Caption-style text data
★ ★ ★ ★ ★

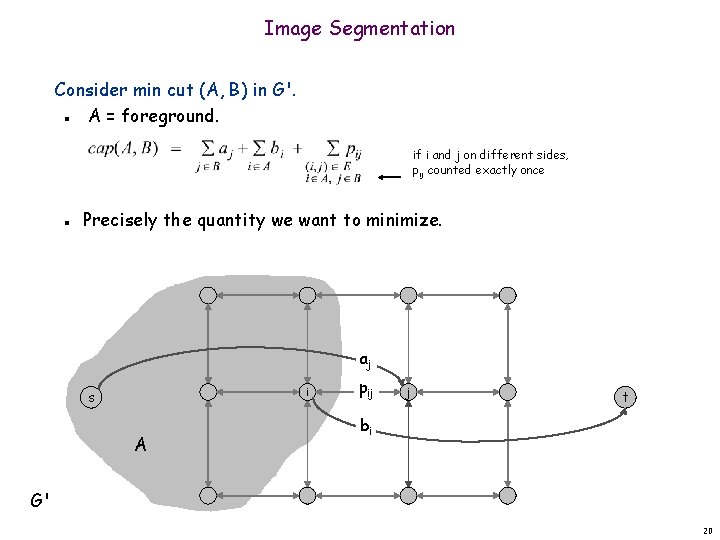 Image Segmentation Consider min cut (A, B) in G'. A = foreground. n if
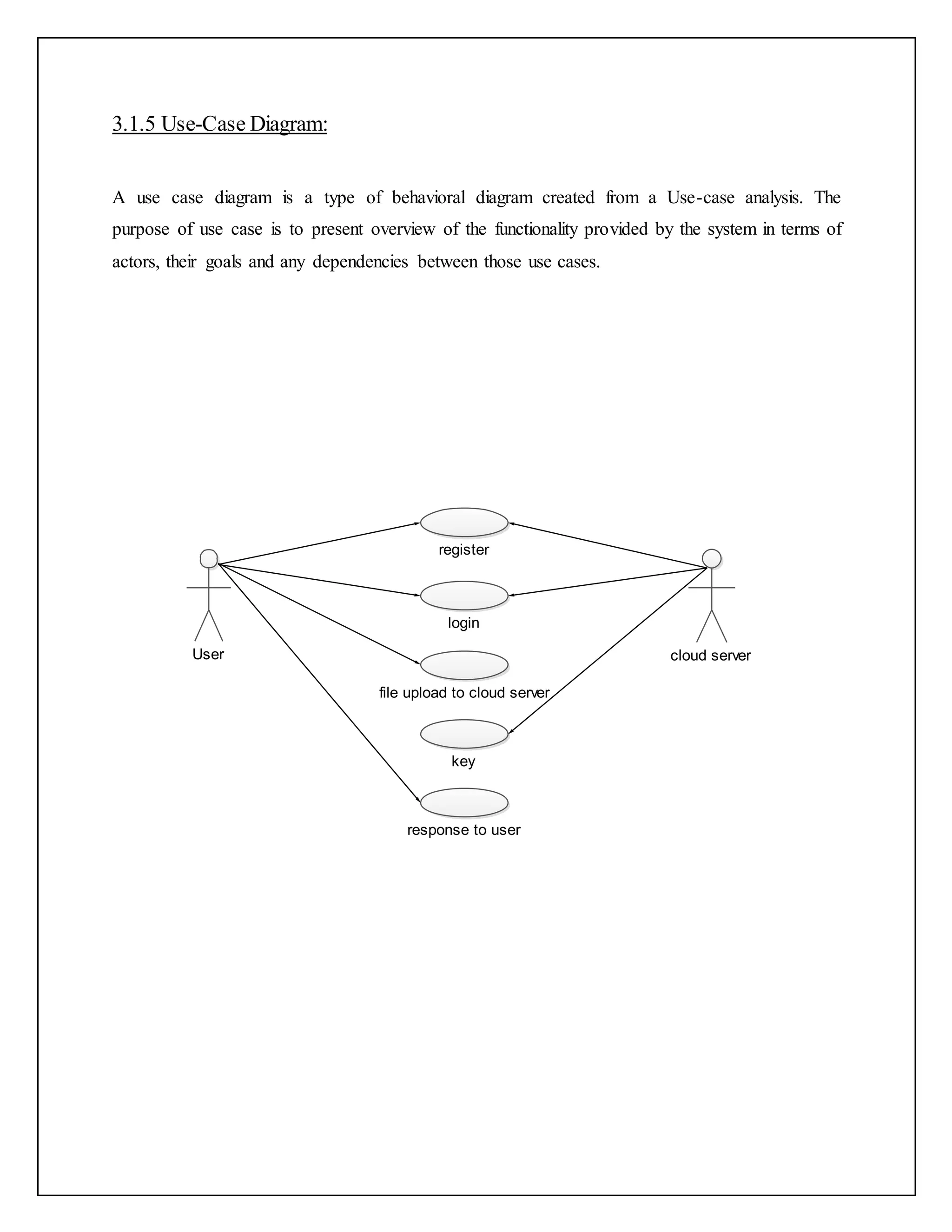 3.1.5 Use-Case Diagram:
A use case diagram is a type of behavioral diagram created from a Use-case analysis. The
purpose of use case is to present overview of the functionality provided by the system in terms of
actors, their goals and any dependencies between those use cases.
User
register
login
file upload to cloud server
key
response to user
cloud server
 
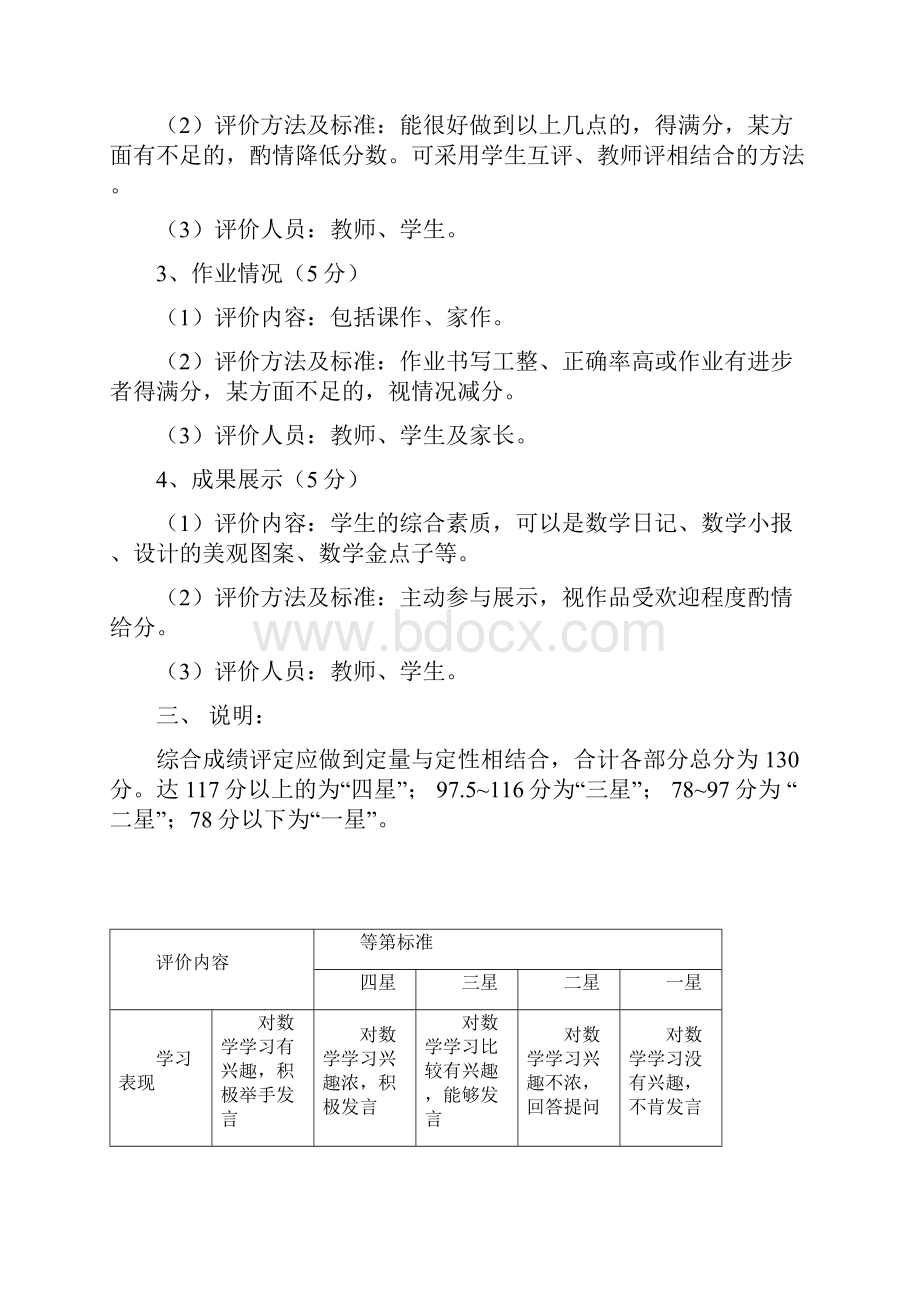 小学数学综合素质评价方案.docx_第3页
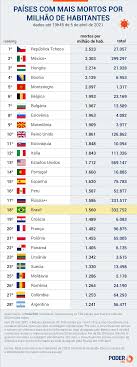 • inicialmente três grandes grupos formaram o povo. Brasil Tem Mais De 13 Milhoes De Casos Confirmados De Covid 19 Poder360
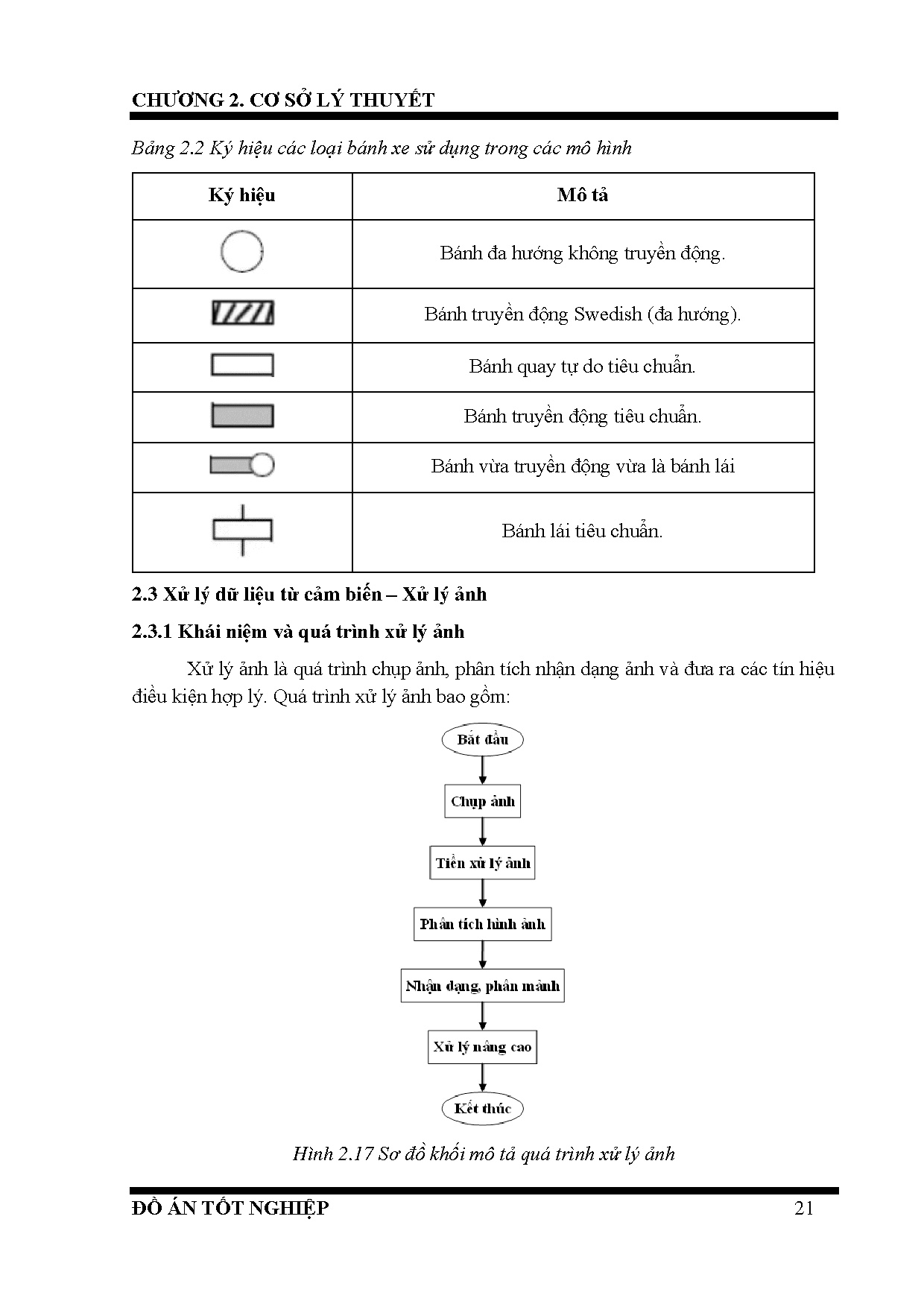 Ảnh một số trang tài liệu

★ ★ ★ ★ ★

Could you copy every line from the records that has "server" in it?

file upload to cloud server
cloud server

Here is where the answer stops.